Short text fragments from websites:
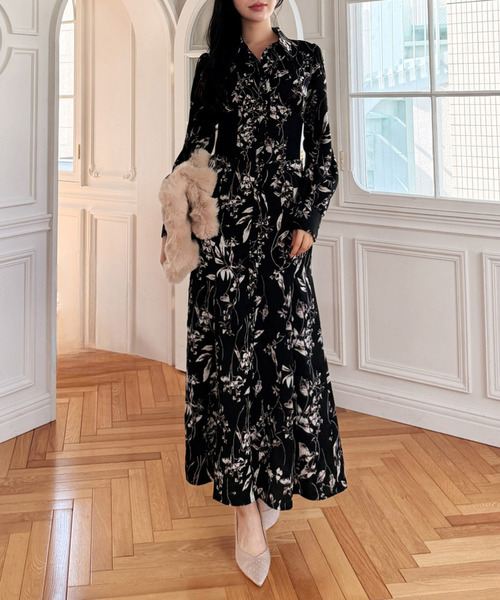 ROYAL PARTY（ロイヤルパーティー） シャツワンピース フラワー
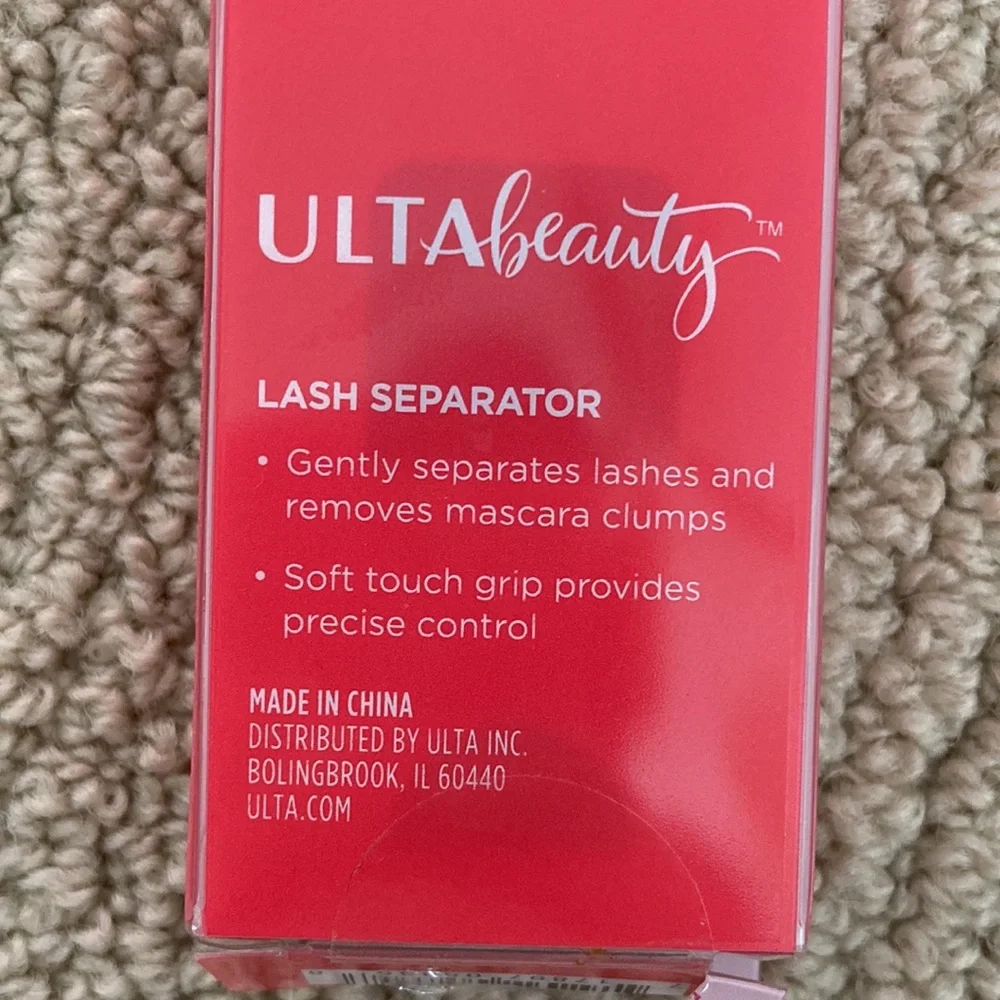 NEW Ulta Beauty Lash Separator Tool Eyelash Box Damaged See Photos NIB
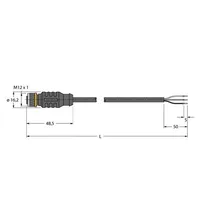 Turck RKC4T-P7X2-10/TEL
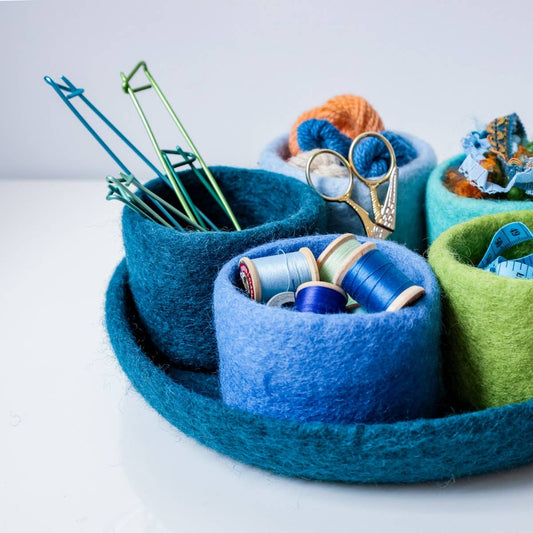 Felt Tidy Pod | Felt Organizer Tray | Felt Storage Bowls | Fibres of Life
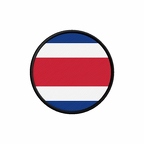 PR 9878 Costarica flag rond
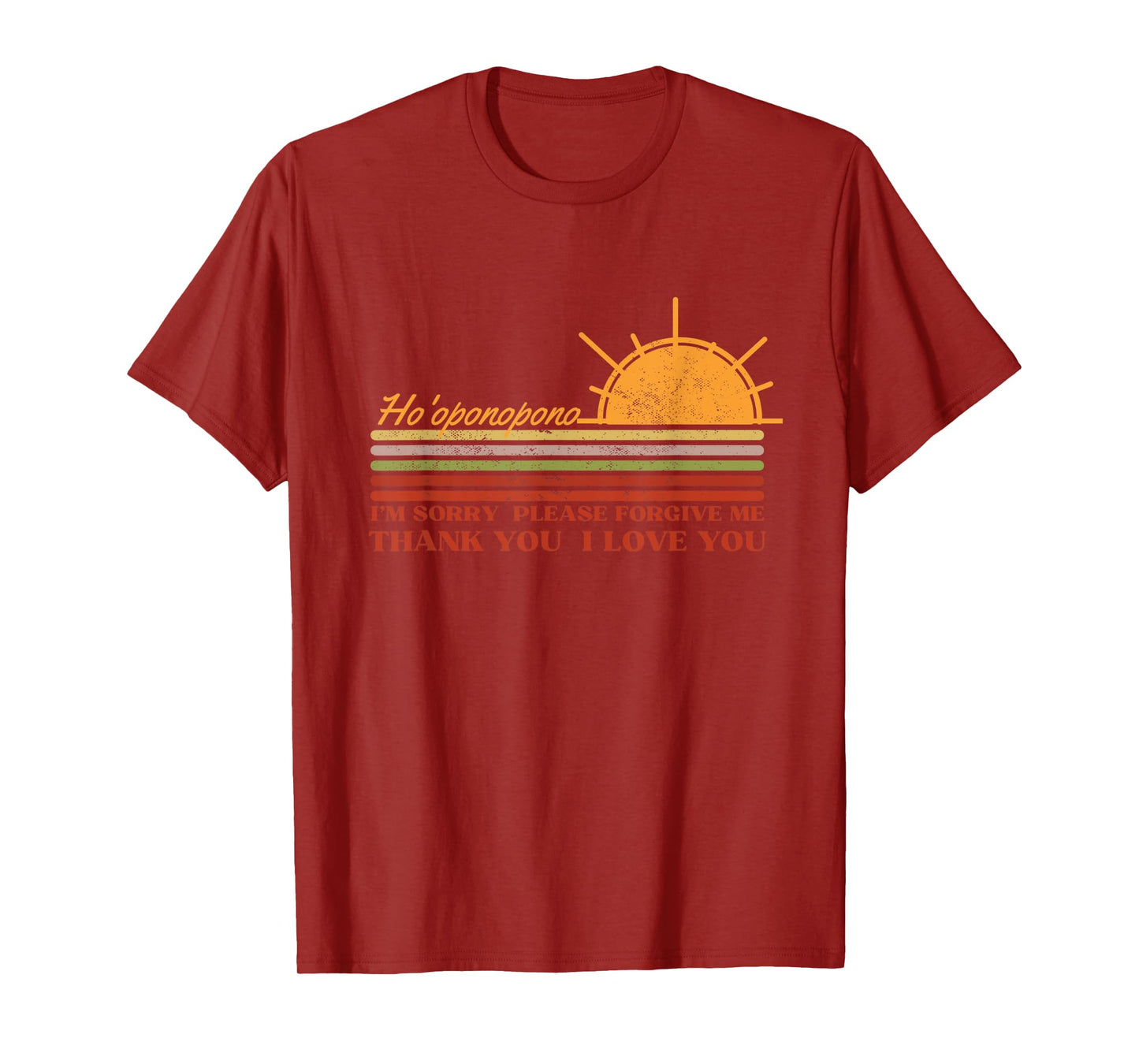 Ho'oponopono Hawaiian Prayer Meditations Yoga Sun Graphic T-Shirt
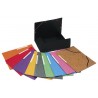 Exacompta Lot de 10 Chemises Cartonnées 3 Rabats Fermeture par élastique 24x32cm Coloris assortis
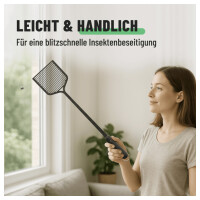 Greate elektrische Fliegenklatsche mit Biegefunktion inkl. 2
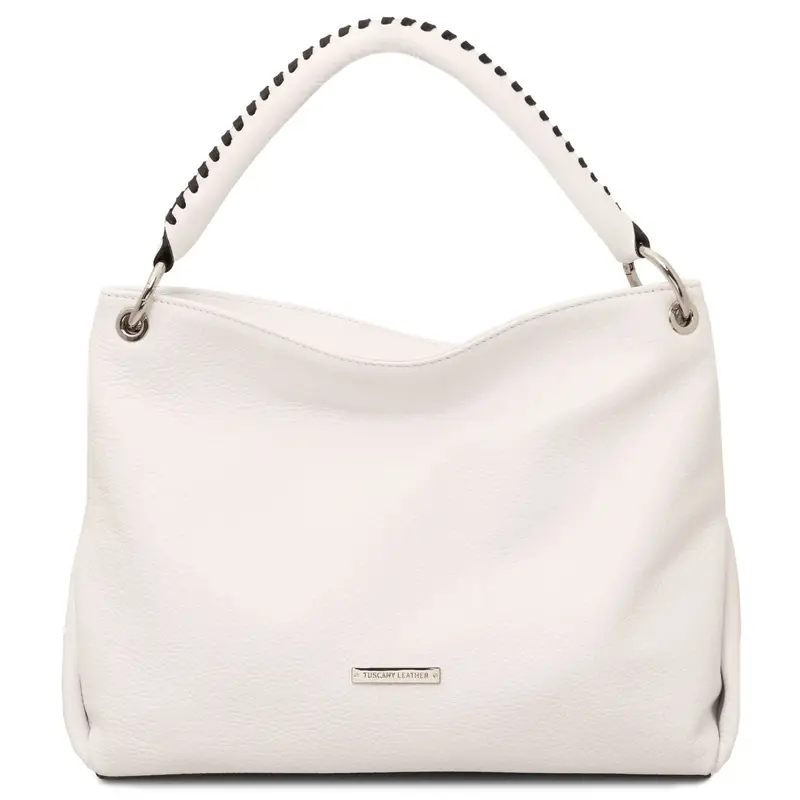 Tuscany Leather Borsa a spalla Bianco 1414204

EXERCISE BRIEF:
Verbatim output of the entries is required, with each image left out.

YOUR SOLUTION:
 ROYAL PARTY（ロイヤルパーティー） シャツワンピース フラワー
 NEW Ulta Beauty Lash Separator Tool Eyelash Box Damaged See Photos NIB
 Turck RKC4T-P7X2-10/TEL
 Felt Tidy Pod | Felt Organizer Tray | Felt Storage Bowls | Fibres of Life
 PR 9878 Costarica flag rond
 Ho'oponopono Hawaiian Prayer Meditations Yoga Sun Graphic T-Shirt
 Exacompta Lot de 10 Chemises Cartonnées 3 Rabats Fermeture par élastique 24x32cm Coloris assortis
 Greate elektrische Fliegenklatsche mit Biegefunktion inkl. 2
 Tuscany Leather Borsa a spalla Bianco 1414204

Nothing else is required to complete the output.